Now, Netanyahu is seen touring Palestinian villages in Israel, urging Arab citizens to vote for him. In Nazareth in January, he was greeted by demonstrations and denunciations from Arab members of the Knesset. "Netanyahu came like a thief to try to scrape together votes from the Arab street," said Aida Touma-Suleiman.
But he has managed to attract prominent supporters, such as the mayor of Nazareth, and the Islamist party United Arab List says it's open to co-operating with Likud in the Knesset.

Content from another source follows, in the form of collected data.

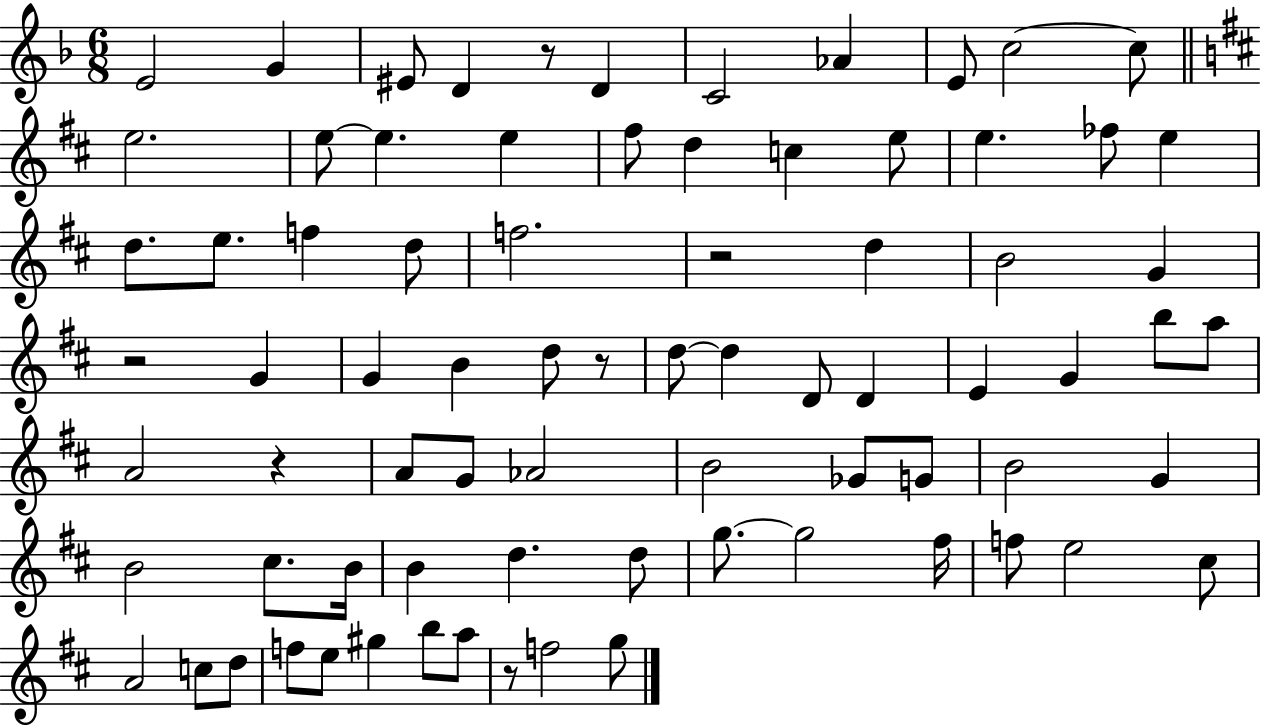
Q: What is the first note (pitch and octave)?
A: E4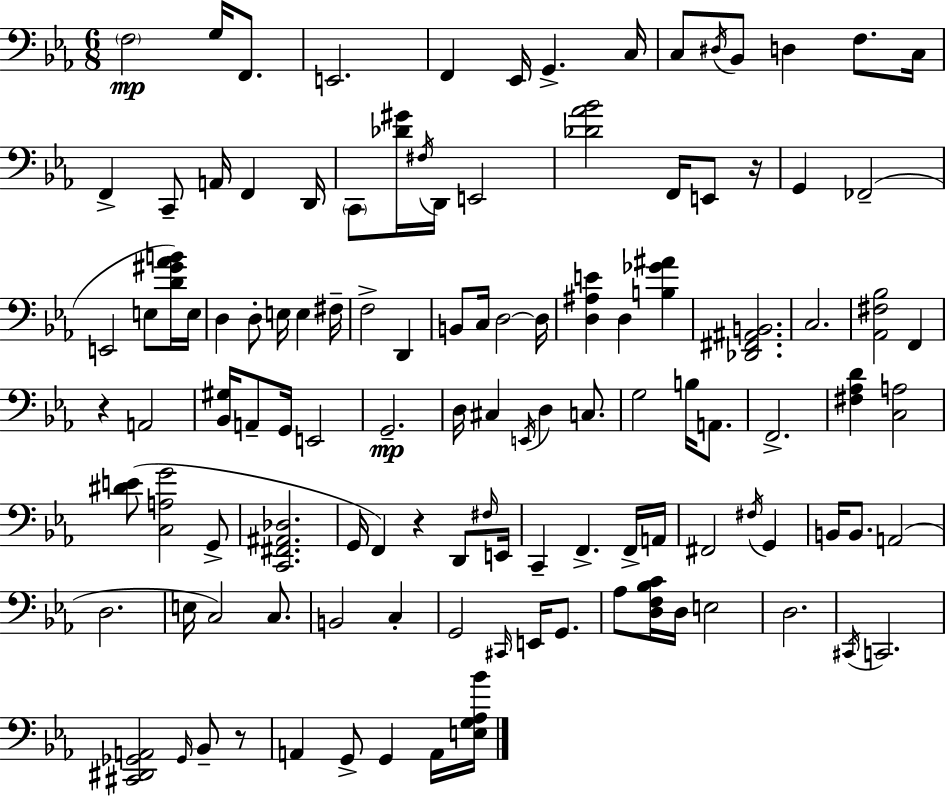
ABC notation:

X:1
T:Untitled
M:6/8
L:1/4
K:Cm
F,2 G,/4 F,,/2 E,,2 F,, _E,,/4 G,, C,/4 C,/2 ^D,/4 _B,,/2 D, F,/2 C,/4 F,, C,,/2 A,,/4 F,, D,,/4 C,,/2 [_D^G]/4 ^F,/4 D,,/4 E,,2 [_D_A_B]2 F,,/4 E,,/2 z/4 G,, _F,,2 E,,2 E,/2 [D^G_AB]/4 E,/4 D, D,/2 E,/4 E, ^F,/4 F,2 D,, B,,/2 C,/4 D,2 D,/4 [D,^A,E] D, [B,_G^A] [_D,,^F,,^A,,B,,]2 C,2 [_A,,^F,_B,]2 F,, z A,,2 [_B,,^G,]/4 A,,/2 G,,/4 E,,2 G,,2 D,/4 ^C, E,,/4 D, C,/2 G,2 B,/4 A,,/2 F,,2 [^F,_A,D] [C,A,]2 [^DE]/2 [C,A,G]2 G,,/2 [C,,^F,,^A,,_D,]2 G,,/4 F,, z D,,/2 ^F,/4 E,,/4 C,, F,, F,,/4 A,,/4 ^F,,2 ^F,/4 G,, B,,/4 B,,/2 A,,2 D,2 E,/4 C,2 C,/2 B,,2 C, G,,2 ^C,,/4 E,,/4 G,,/2 _A,/2 [D,F,_B,C]/4 D,/4 E,2 D,2 ^C,,/4 C,,2 [^C,,^D,,_G,,A,,]2 _G,,/4 _B,,/2 z/2 A,, G,,/2 G,, A,,/4 [E,G,_A,_B]/4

'The master of doing the unexpected'
Whether that actually happens or not, Gayil Talshir, a political scientist at Hebrew University of Jerusalem, says Netanyahu's "dramatic" overtures to a group his Likud supporters have frequently vilified — and even centrist parties have avoided — may now open the door to greater political participation for Israeli Arabs.
"That means he gave legitimacy to all the other players on the political scene to actually say, 'Yes, it might be a viable option to have a government with support of the Arab parties,'" she said at a forum organized for foreign media.
It's also the kind of political surprise Netanyahu is known for pulling on voters, the media and his opponents. He almost threw in another twist in the dying days of the campaign — an unprecedented official visit to an Arab state.
Netanyahu, who likes to showcase his connections to foreign leaders like Donald Trump when he was U.S. president or Russia's Vladimir Putin, planned to jet to Abu Dhabi for high-profile talks with Emirati leaders.
It was to be the first visit to the United Arab Emirates since Israel and the Gulf state established official ties last year. That is, until the itinerary was leaked to Israeli media, and officials in Abu Dhabi balked at being drawn into Netanyahu's campaign. They had expected low-key talks instead.
"The UAE will not be a part in any internal electioneering in Israel, now or ever," tweeted Anwar Gargash, an adviser to the country's president, in a stinging official rebuke that also saw other meetings cancelled and cold water thrown on a $10 billion US investment fund to be established between the two countries.
"Netanyahu is the master of doing the unexpected, and he is not shy about it," said analyst Scheindlin. "It shows an incredible level of confidence on his part, which is well earned."
It's not at all impossible that there could be more surprises in the dying hours of this campaign — or indeed after, once the haggling for coalition support is likely to begin.